La actual campaña aérea ucraniana pretende ser una guerra de impacto que obligue a Rusia a ceder a corto plazo. Sin embargo, la capacidad rusa de escalar su propio contraataque y las mayores posibilidades que Rusia tiene en su mano debido a sus mayores recursos implican que, en realidad, los ataques ucranianos actuales se han convertido en una guerra de desgaste aérea en la que es evidente que existen éxitos tácticos, pero que comporta serios riesgos. El otro lado de la felicidad con la que Zelensky, von der Leyen o Kallas se refieren a los ataques contra refinerías o buques civiles en el mar de Azov o el mar Negro contrasta con la segunda admisión en una semana de que Ucrania no ha sido capaz de derribar uno solo de los misiles balísticos rusos disparados contra Kiev.

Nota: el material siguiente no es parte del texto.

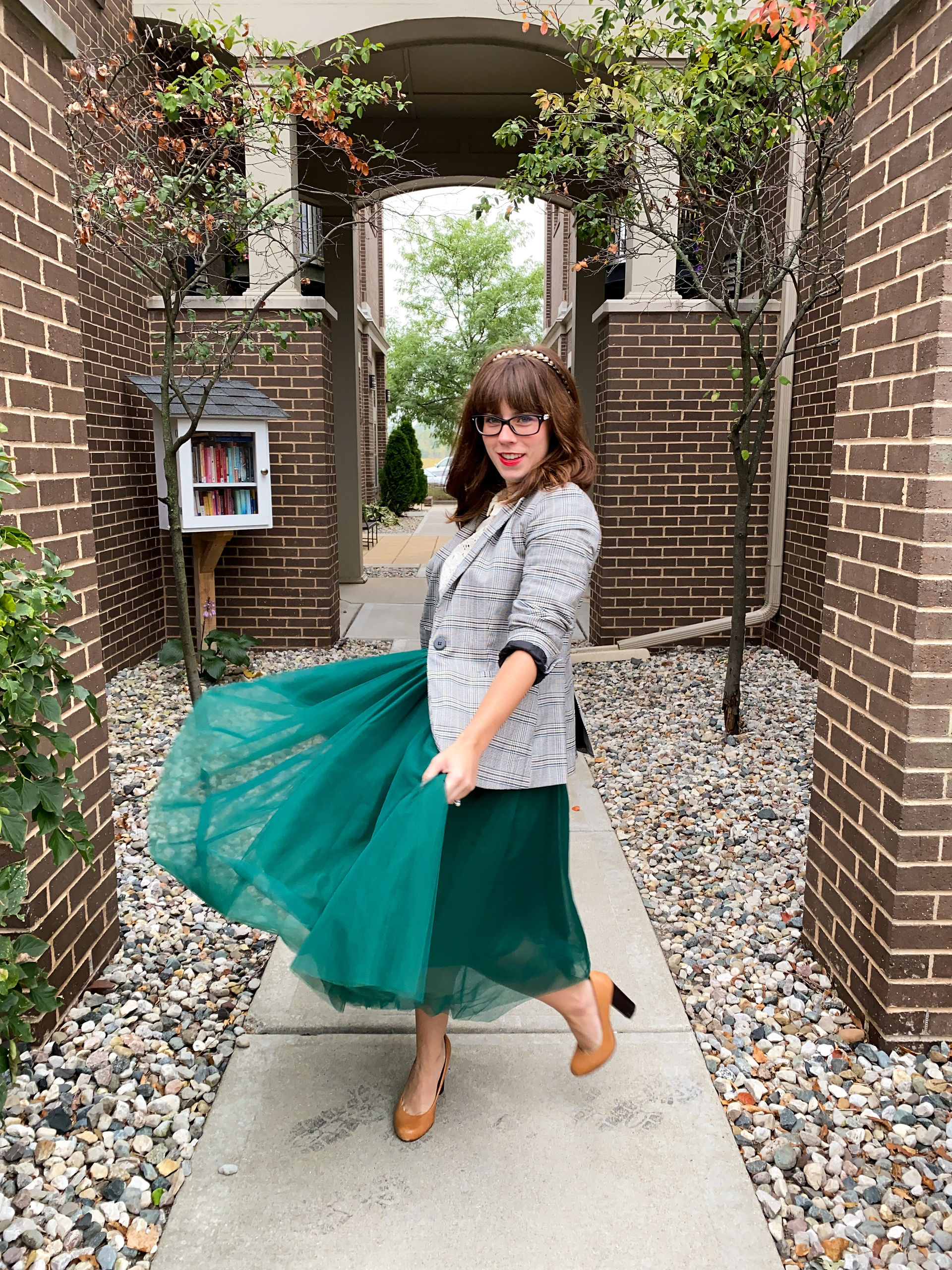 Woman twirling in a long green skirt and blazer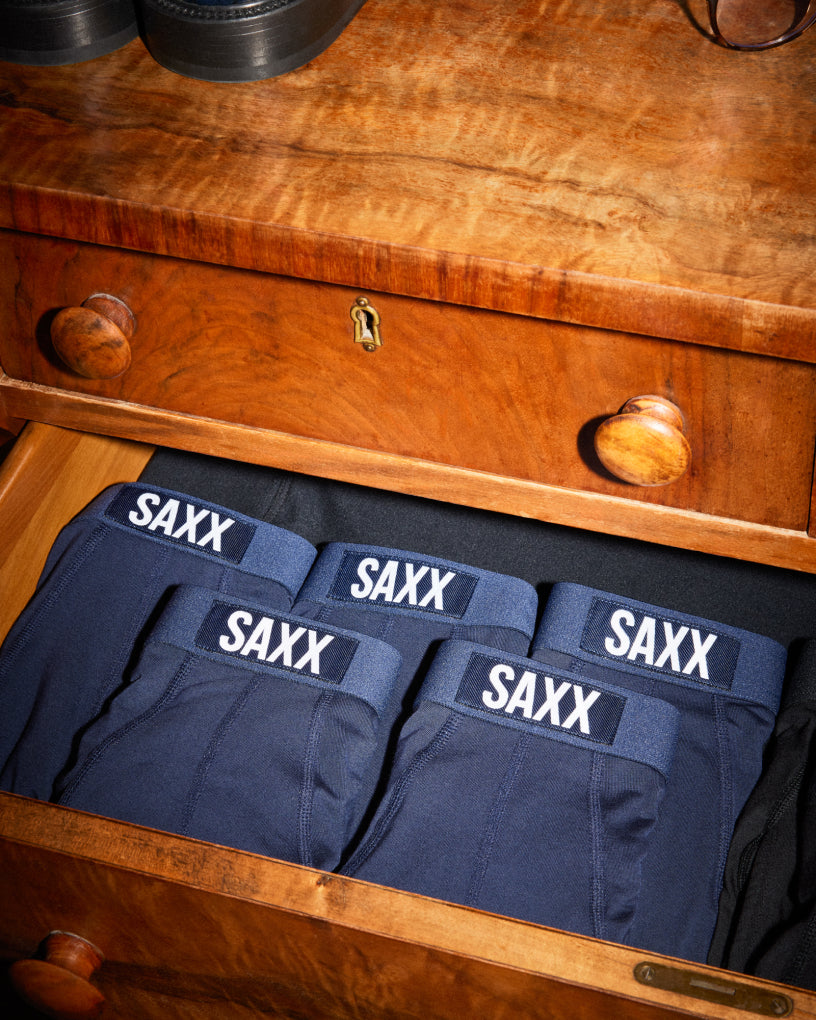 Three pairs of SAXX Boxer Briefs in white, grey, and blue, laid out neatly over a neutral background.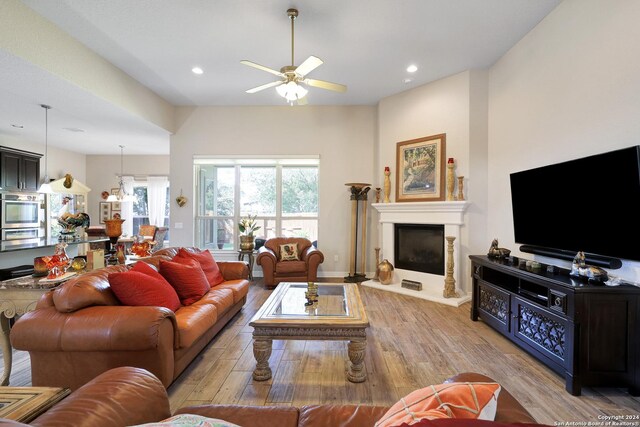 living room featuring ceiling fan and light hardwood / wood-style floors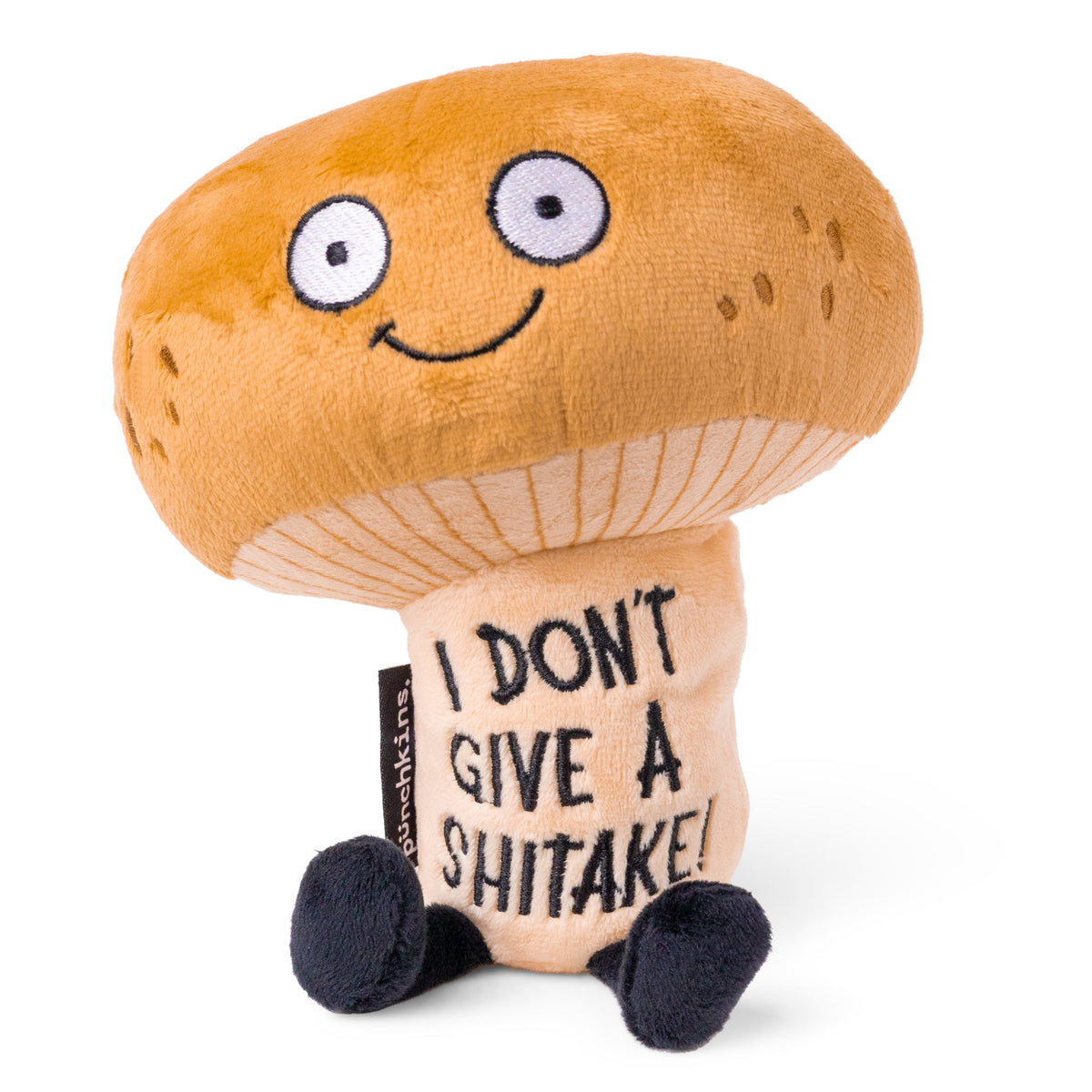 A plush toy shaped like a mushroom with a smiling face and a text tag that reads 'I DON'T GIVE A SHITAKE'.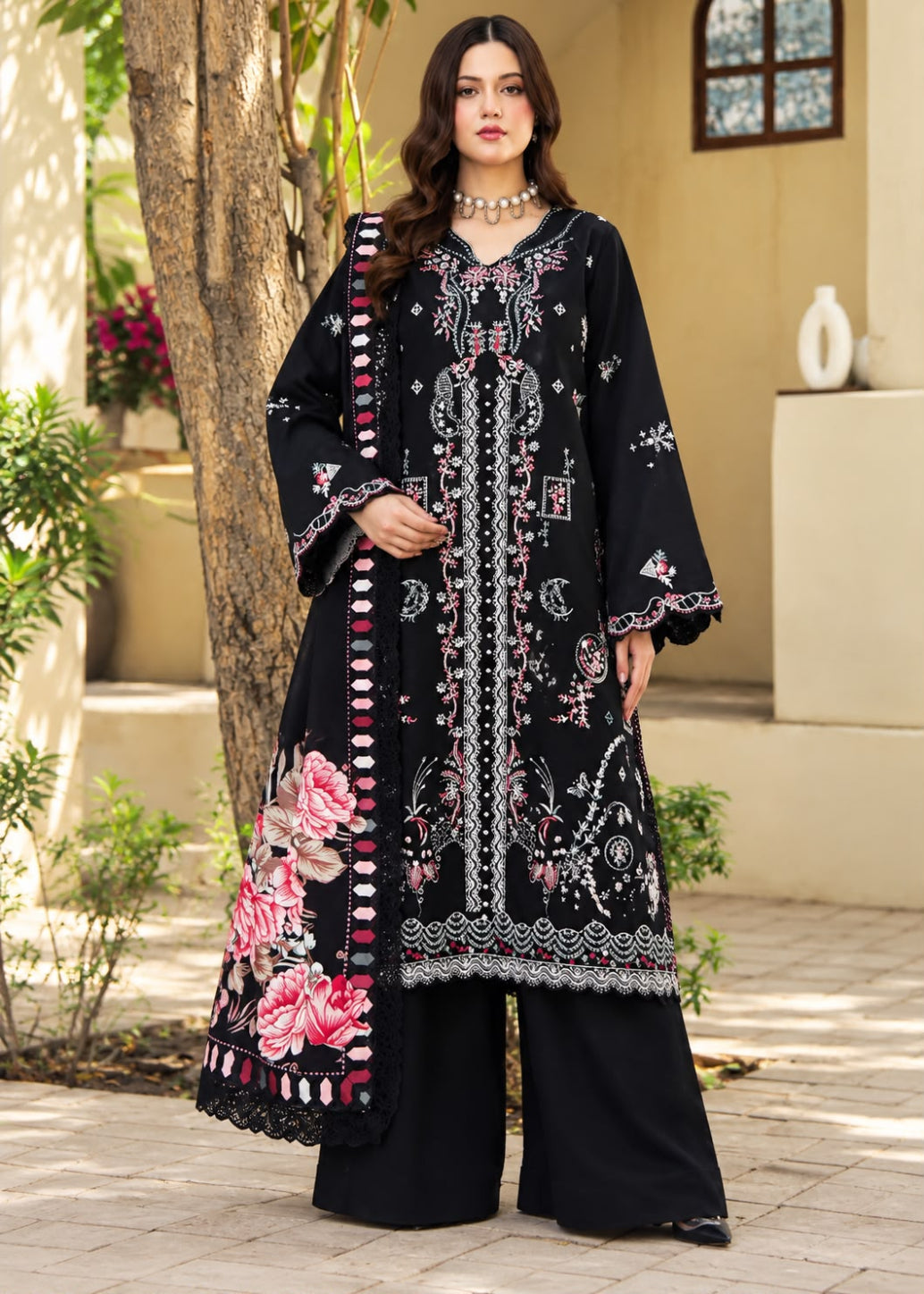 A woman models a traditional three-piece beige ethnic suit with brown floral embroidery and a matching dupatta, set against a beige wooden grid wall background.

Con la enorme capacidad mediática de no tener que responder a preguntas incómodas -como si la escalada contra Rusia merece la pena a costa de poner a la población en riesgo de la contraofensiva aérea rusa-, Zelensky sigue sonriendo y ofreciendo soluciones sencillas que resuelven los problemas sobre el papel, pero no sobre el terreno. En Ankara, el presidente ucraniano obtuvo de Trump la promesa de otorgar a Kiev licencia para producir misiles PAC-3 para los sistemas Patriot. De sus aliados europeos, Zelensky consiguió también el compromiso de acelerar los envíos de armas, algo que ahora exige de forma inminente. La escasez de munición que padece hoy Kiev se debe a dos factores: el aumento de bombardeos rusos en respuesta a la escalada ucraniana y el uso masivo de esa munición en la guerra de Estados Unidos contra Irán, que Zelensky ha defendido y en la que se han empleado tantos misiles, que los países árabes han agostado sus reservas. Los aliados son prioritarios frente a los proxis, por lo que Ucrania ha de esperar su turno para que los países europeos adquieran munición. Un próximo paquete de emergencia llegará en unos días, pero lo hará cuando la munición se había agotado en Kiev, algo que posiblemente se repita si la campaña ucraniana se prolonga en el tiempo, ya que lo hará también la respuesta rusa.

Exponer a la población a un mayor riesgo parece ser un daño colateral que Ucrania está dispuesta a soportar en nombre de sus éxitos tácticos y simbólicos en la Federación Rusa, que no están cambiando la guerra, pero que son una herramienta útil para que Zelensky exija a sus aliados cada vez más armas para escalar el conflicto aún más. Siempre en nombre de acortarlo, siempre en nombre de la paz.